=== ACTION ITEM ===
Whenever a picture appears, leave it out while repeating all the other data exactly.

=== INFORMATION SUPPLIED ===
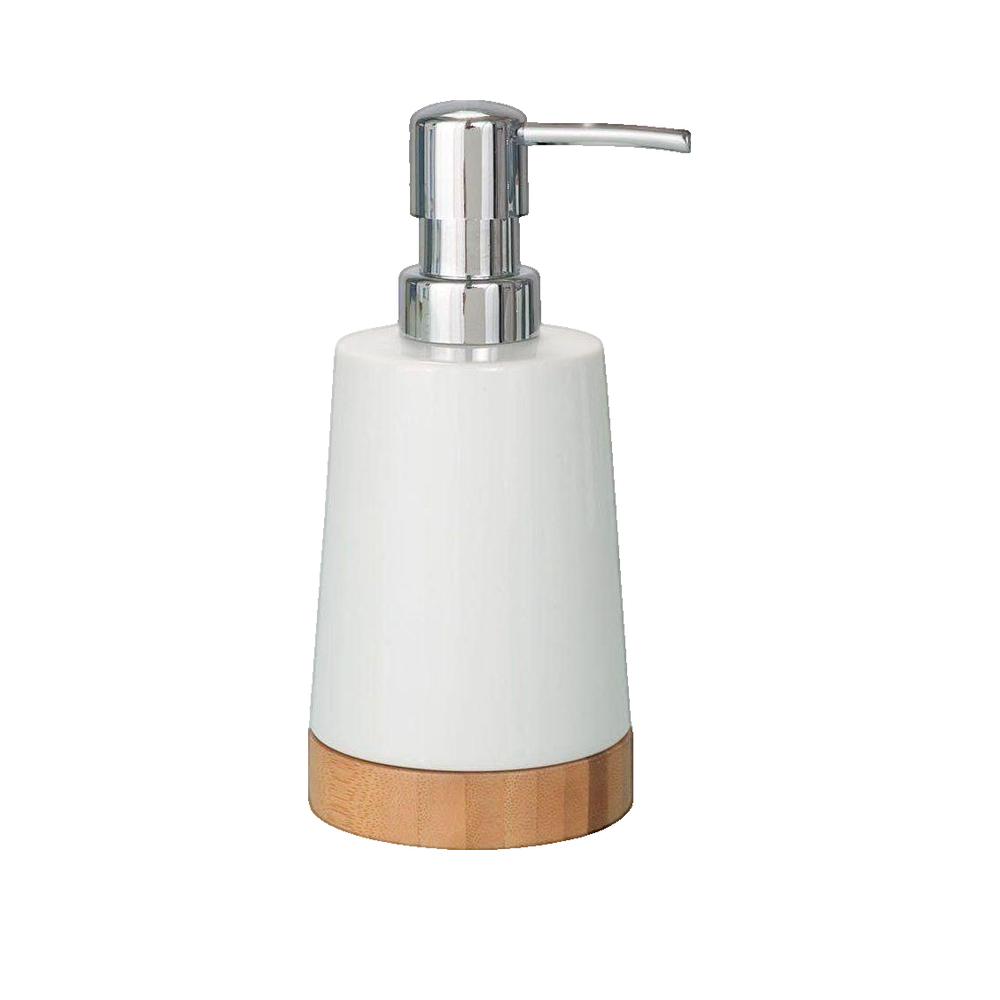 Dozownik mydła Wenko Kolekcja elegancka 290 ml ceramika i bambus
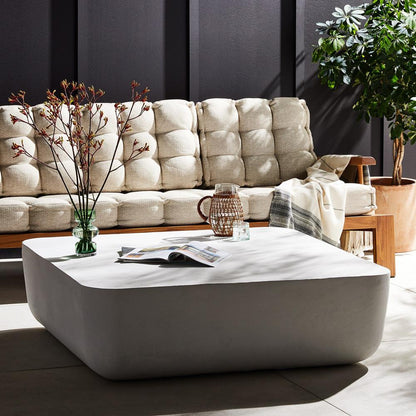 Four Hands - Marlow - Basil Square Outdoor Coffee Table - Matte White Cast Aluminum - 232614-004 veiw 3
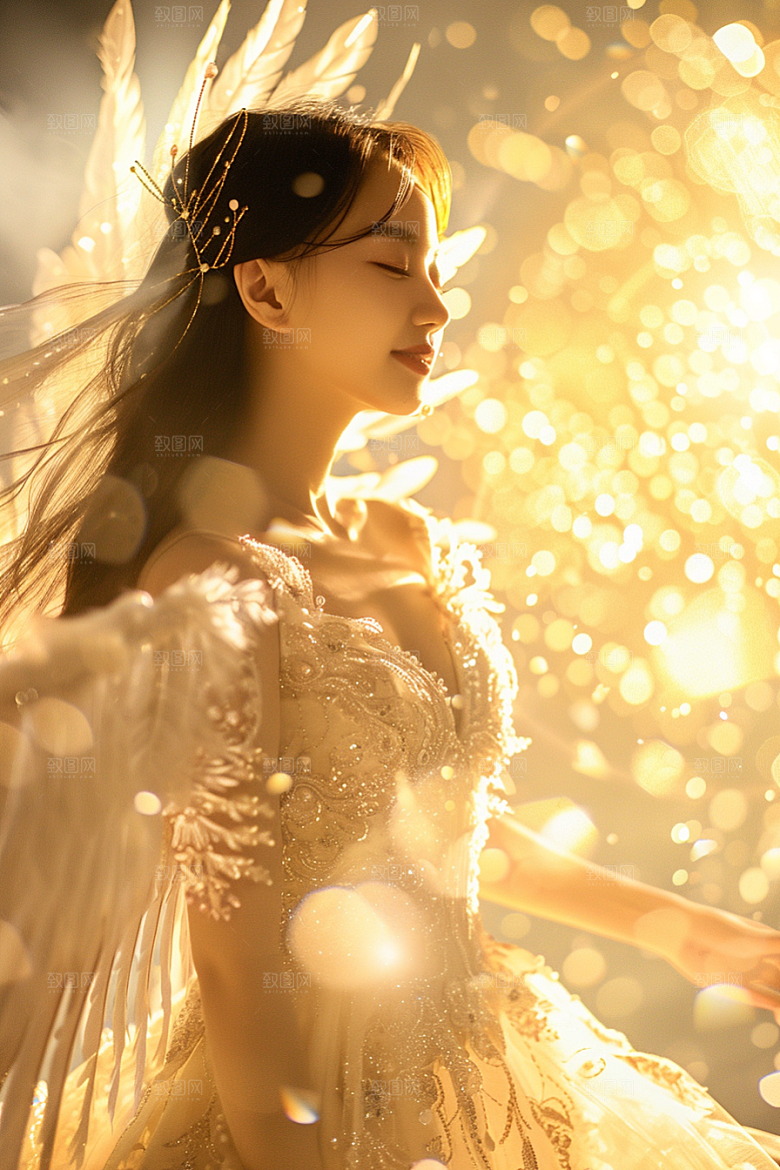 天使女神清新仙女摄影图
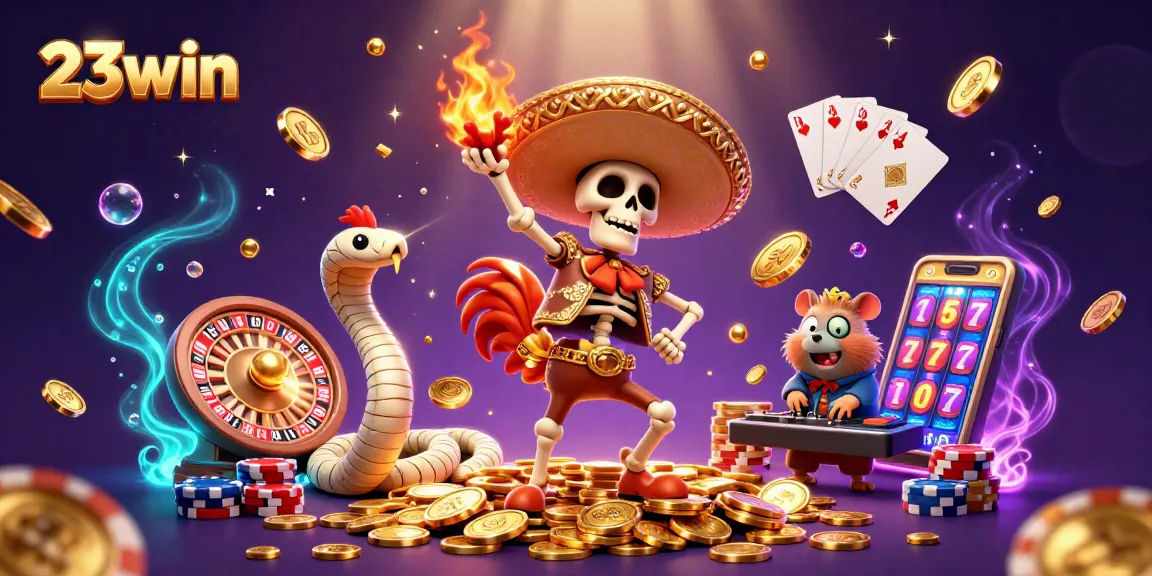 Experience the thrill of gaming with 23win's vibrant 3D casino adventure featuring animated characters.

=== ANSWER FOR THE TASK ===
 Dozownik mydła Wenko Kolekcja elegancka 290 ml ceramika i bambus
 Four Hands - Marlow - Basil Square Outdoor Coffee Table - Matte White Cast Aluminum - 232614-004 veiw 3
 天使女神清新仙女摄影图
 Experience the thrill of gaming with 23win's vibrant 3D casino adventure featuring animated characters.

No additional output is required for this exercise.